How and when did you start writing?

I didn’t try to write anything until I was in my twenties — and didn’t finish anything worthwhile until I was in my thirties.

How does a normal writing day at your home look like?

I don’t really have a normal writing day right now, because I work on a TV show and it has disrupted my schedule a lot. What I really like to do is write for a few hours before lunch, take a break to eat or exercise, and then write for a few more hours.

Is there a special author who influenced your writing-Projects?

There are many authors that I love, but the writer who made me want to write books when I was a kid was Ursula K. LeGuin — I read her book A Wizard of Earthsea and decided I wanted to be a writer (I already suspected that my dream of being a singer-songwriter was going to end in tears).

Are there any tips you have for young kids or teenagers who have the dream to become an author one day?

My tips:

a: When you get an idea, WRITE IT DOWN. Don’t wait. You will forget it.
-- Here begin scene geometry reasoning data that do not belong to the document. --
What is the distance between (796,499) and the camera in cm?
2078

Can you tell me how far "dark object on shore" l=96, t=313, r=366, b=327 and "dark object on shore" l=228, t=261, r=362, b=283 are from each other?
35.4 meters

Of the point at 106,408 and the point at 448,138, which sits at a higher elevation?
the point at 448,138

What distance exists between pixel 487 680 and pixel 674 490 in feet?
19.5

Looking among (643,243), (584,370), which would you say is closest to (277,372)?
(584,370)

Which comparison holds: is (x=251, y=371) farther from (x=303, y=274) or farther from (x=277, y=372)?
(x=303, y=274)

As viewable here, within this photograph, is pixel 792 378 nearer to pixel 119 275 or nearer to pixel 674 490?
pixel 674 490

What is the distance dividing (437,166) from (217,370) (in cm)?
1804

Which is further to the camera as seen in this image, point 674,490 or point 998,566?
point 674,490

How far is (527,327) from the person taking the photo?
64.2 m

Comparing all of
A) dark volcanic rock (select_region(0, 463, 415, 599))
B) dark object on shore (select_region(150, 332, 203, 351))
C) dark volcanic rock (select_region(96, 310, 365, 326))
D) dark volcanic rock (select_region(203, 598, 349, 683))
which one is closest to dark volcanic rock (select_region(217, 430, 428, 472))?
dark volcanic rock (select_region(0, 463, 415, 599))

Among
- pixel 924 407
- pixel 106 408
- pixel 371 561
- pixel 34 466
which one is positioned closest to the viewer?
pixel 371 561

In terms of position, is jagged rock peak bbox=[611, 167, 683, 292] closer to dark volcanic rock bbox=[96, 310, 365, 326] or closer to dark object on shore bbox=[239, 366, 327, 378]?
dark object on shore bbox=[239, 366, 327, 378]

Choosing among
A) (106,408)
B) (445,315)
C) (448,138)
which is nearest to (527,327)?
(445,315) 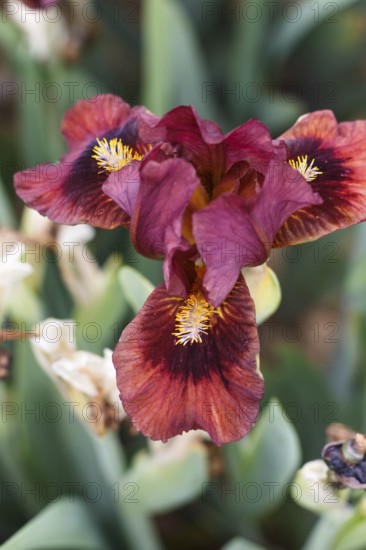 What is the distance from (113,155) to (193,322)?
0.61 feet

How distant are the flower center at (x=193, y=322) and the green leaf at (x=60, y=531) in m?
0.28

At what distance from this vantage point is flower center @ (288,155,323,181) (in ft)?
2.14

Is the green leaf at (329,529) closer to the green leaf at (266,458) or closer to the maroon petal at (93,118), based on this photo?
the green leaf at (266,458)

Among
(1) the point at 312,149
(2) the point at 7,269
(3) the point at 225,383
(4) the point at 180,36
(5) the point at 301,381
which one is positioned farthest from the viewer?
(4) the point at 180,36

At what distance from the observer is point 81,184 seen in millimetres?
678

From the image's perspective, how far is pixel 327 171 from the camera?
0.66 m

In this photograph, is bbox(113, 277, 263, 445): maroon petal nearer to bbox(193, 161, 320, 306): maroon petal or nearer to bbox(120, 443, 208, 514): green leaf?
bbox(193, 161, 320, 306): maroon petal

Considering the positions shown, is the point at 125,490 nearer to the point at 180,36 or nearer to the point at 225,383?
the point at 225,383

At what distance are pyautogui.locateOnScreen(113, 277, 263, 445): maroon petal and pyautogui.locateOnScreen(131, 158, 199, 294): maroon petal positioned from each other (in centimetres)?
5

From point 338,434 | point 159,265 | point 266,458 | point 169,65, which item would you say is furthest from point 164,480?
point 169,65

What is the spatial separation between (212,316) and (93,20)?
103 cm

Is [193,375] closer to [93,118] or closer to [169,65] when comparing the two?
[93,118]

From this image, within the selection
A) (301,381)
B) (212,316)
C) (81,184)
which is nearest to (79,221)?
(81,184)

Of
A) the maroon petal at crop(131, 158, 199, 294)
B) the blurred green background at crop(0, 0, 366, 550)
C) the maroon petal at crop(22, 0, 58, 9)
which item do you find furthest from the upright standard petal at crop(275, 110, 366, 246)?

b: When you’re working on a idea and trying to develop it, sit down and write everything that comes to mind about the story, almost like you’re having a conversation with yourself: who is this character? What does she want? Why does she do what she does? What happens next? Don’t worry if you repeat yourself or contradict yourself from sentence to sentence — just write it all down stream-of-consciousness style, and (if you’re lucky) the story will reveal itself bit by bit.

c: Try to average one page a day. That’s easy, right? One page a day. Sometimes you write three, sometimes more, sometimes you’re stuck and need to take a break.

Can you describe yourself with 5 adjectives?

I keep trying to figure out five adjectives to describe myself and can’t decide. So maybe just one: indecisive.

Your newest book is “The bad decisions playlist”. Can you describe the book in five sentences?

The Bad Decisions Playlist is a story about love, and family, and music, and about the difficulty of achieving your dreams — especially if you’re the one stopping yourself from achieving them. It follows the misadventures of 16-year-old Austin Methune, a talented musician who is equally adept at sabotaging himself. All his life, Austin has wondered about his mysterious father, who died before Austin was born — a father that Austin’s mother refuses to talk about. Then the supposedly dead father reappears, and turns out to be a semi-famous musician that Austin idealizes. Rebuilding the relationship with his father could be the key for both of them to get their lives back on track — or just the start of more bad decisions.

Do you know any real people who are represented in the characters in your book?

As is the case with many writers, the characters in my books are often mixtures of different people that I know in real life. I also have a terrible time coming up with names for characters, and will often create names that are similar to people I know, or I mix and match names (different first and last names), so sometimes people will ask if I was writing about them when I was really just using their name because I couldn’t think of one.

Where do you usually work?

Although I sometimes write at home, I usually like to go to a cafe or someplace similar — it actually makes me more focused, and certainly helps me feel less lonely. I live in Brooklyn, which probably has a higher concentration of writers than any place in the world, so there are times when I’m writing and I’ll notice several famous writers typing away at other tables. It’s very intimidating.

What do you think about E-Books?

I like the convenience of e-books (especially if you’re about to get on a plane and think of some book you want to read), but I much prefer actual books (especially because I like bookstores, particularly independent bookstores).

Do you play to write new book in the future?

I have another book coming out in America in June called „Emily and the Spellstone,“ which is a humorous adventure story with magic. It’s for a younger audience — readers between eight and twelve years old.

Thank you for the interview! And good luck with following Projects!

Thank you, and I hope this is helpful!